(Bloomberg) -- Nissan Motor Co. raised its profit forecast as the weaker yen and growth in U.S. deliveries boosted export earnings, countering a slowdown in Japan.
Net income will be 420 billion yen ($3.5 billion) in the year ending March, compared with its previous projection for 405 billion yen, the Yokohama, Japan-based company said in a statement today. Nissan also raised its projections for full-year operating profit and net revenue, though it cut the global delivery target by 150,000 vehicles to 5.3 million units.
Chief Executive Officer Carlos Ghosn is counting on the U.S. to buffer the effect of a recession in Russia and slowing growth in Japan and China. Major automakers including Nissan all reported their best January U.S. vehicle sales in at least seven years, buoyed by cheap gasoline and falling unemployment.
“The U.S. is their biggest cash cow,” said Koji Endo, an auto
analyst at Advanced Research Japan. “The strong trend will continue for a while and they will keep enjoying the ride in that market.”
Operating profit in the third quarter rose 98 percent to 156 billion yen, beating the 119.6 billion yen average of analysts’ estimates.
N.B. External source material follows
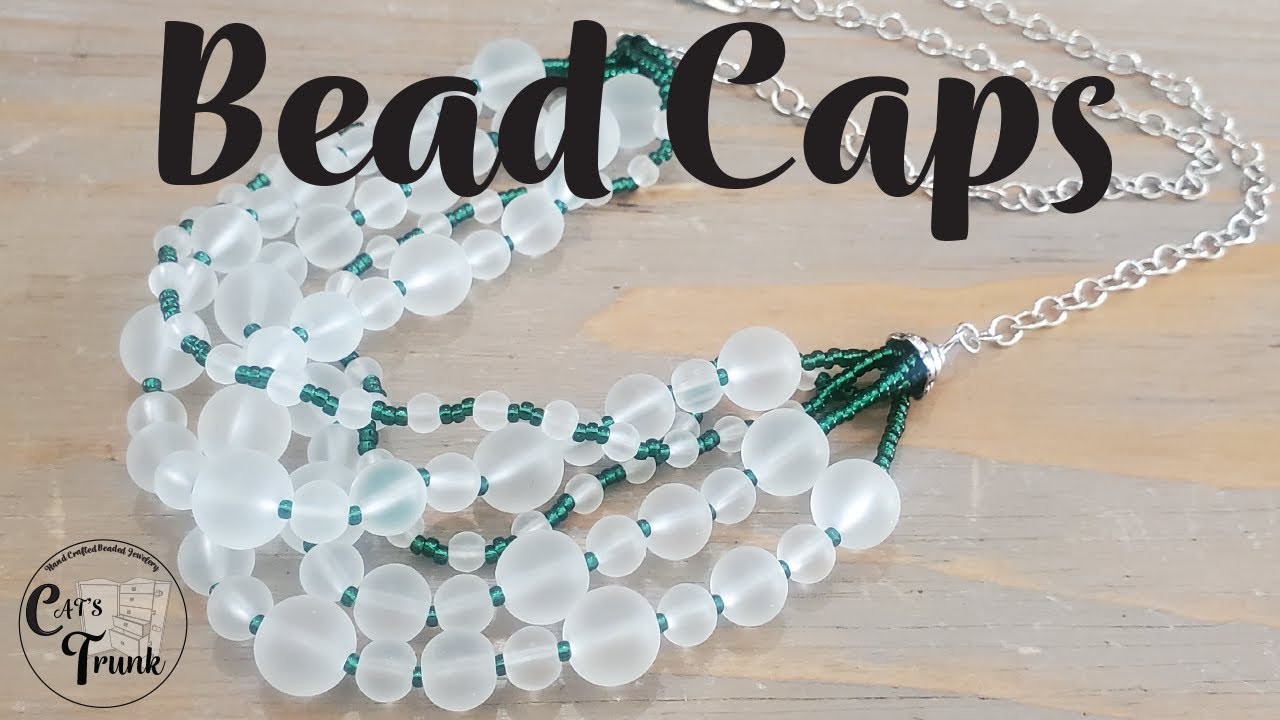 How to Use Bead Caps on a Multistrand Necklace Design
Sales rose 17 percent to 2.94 trillion yen, compared with the 2.71 trillion yen analysts’ average.

Share Performance

Nissan rose 1.4 percent to 1,064 yen in Tokyo trading today, before it announced earnings. The stock has gained 20 percent in the past 12 months, compared with the 18 percent gain for the benchmark Topix index.
In North America, Nissan reaped 81.6 billion yen in operating profit last quarter, increasing from 3.4 billion yen a year earlier.
Nissan boosted sales in the U.S. by 11 percent to a record last year, compared with the 6.2 percent growth at Toyota and 1 percent rise at Honda, according to Autodata Corp. It outsold Honda last month for the first time since March 2014, helped by rising incentives, according to Autodata.
There are “high expectations” for Nissan’s new Titan pickup truck as it is aimed at the niche between heavy-duty and light-duty trucks, Takaki Nakanishi, an auto analyst at Jefferies Group LLC, wrote in a report last month.

Russian Slump

Nissan posted an operating loss of 10.3 billion yen in Europe, compared with an operating loss of 7.3 billion a year earlier, dragged down by the Russian market.
While the no-frills Datsun models boosted Nissan’s unit sales in Russia, the ruble’s almost 50 percent plunge in 2014 has forced Nissan to halt taking orders of some vehicles at the end of last year to safeguard profitability.
Industrywide deliveries of new passenger cars and light commercial vehicles fell 10 percent in 2014 in Russia to about 2.5 million units, according to the Moscow-based Association of European Businesses, or AEB. Russia’s car market will probably fall by another 20 percent in 2015, Nissan Chief Executive Officer Carlos Ghosn said in a Bloomberg Television interview on Feb. 3.
Nissan and partner Renault SA indirectly own 50.01 percent of Lada-maker OAO AvtoVAZ, and has plans to gain at least 40 percent of the Russian car market by 2016. Their combined market share widened to 30.7 percent last year from 29.6 percent in 2013.

China Competition

In China, where Nissan is the biggest Japanese automaker, sales rose 0.5 percent last year to 1.22 million units, trailing its own reduced target and the industry last year. The automaker said rising competition in the compact car segment and commercial vehicles contributed to the underperformance.
In Japan, operating profit fell to 70.1 billion yen in the third quarter from 87 billion yen last year.
Nissan deliveries fell 1.3 percent last year in Japan, amid intensifying competition in mini-cars and slump in demand following the rise in consumption tax in April.
Nissan based full-year forecast on 108.8 yen against the dollar and 138.9 yen versus the euro. Operating income gets a 12 billion yen boost with every yen’s drop against the dollar, the carmaker has said.